To detect if a certain dylib is loaded via a load command in the binary, the has_dylib() function is available for use.

import "macho"

rule libsystem_use {
    condition:
        macho.has_dylib("/usr/lib/libSystem.B.dylib")
}

Entitlements

Mach-O binaries can feature entitlements, which are XML properties for requesting certain permissions from the user/device that it is being executed on.
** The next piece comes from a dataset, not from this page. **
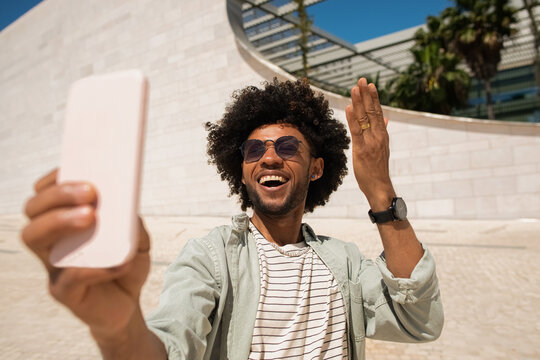 Jokey African American man taking selfie outdoors. Man in casual shirt with beard holding mobile phone, taking pictures. Social media, technology concept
These are parsed out into strings which are able to be queried via the macho module.

These entitlements can be leveraged in multiple ways.

One can iterate over the entitlements like so:

import "macho"

rule entitlements_example {
    condition:
        for any e in macho.entitlements: (
            e contains "com.apple.security"
        )
}

To detect a specific entitlement, one can also use the has_entitlement() function.

import "macho"

rule entitlements_example {
    condition:
        macho.has_entitlement("com.apple.security.device.microphone")
}

Binary Similarity

If you wish to detect if a Mach-O binary is using a certain set of dylibs, imports, exports, entitlements, or more, you can leverage the respective _hash() function for each structure.

The hash algorithm is an MD5 hash of the deduplicated, sorted, and lowercased entries joined via a comma (md5("dylib_1,dylib_2,dylib_n")) found in the binary for each category.

Dylib Hashing

import "macho"

rule dylib_hash_example {
    condition:
        macho.dylib_hash() == "c92070ad210458d5b3e8f048b1578e6d"
}

Import Hashing

import "macho"

rule import_hash_example {
    condition:
        macho.import_hash() == "35ea3b116d319851d93e26f7392e876e"
}

Export Hashing

import "macho"

rule export_hash_example {
    condition:
        macho.export_hash() == "6bfc6e935c71039e6e6abf097830dceb"
}

Entitlement Hashing

import "macho"

rule entitlement_hash_example {
  condition:
    macho.entitlement_hash() == "cc9486efb0ce73ba411715273658da80"
}

Conclusion

There are many features and structures parsed with the macho module in YARA-X, and only a subset of them were covered in this blog post. To fully explore what is possible with the macho module, please consult the documentation.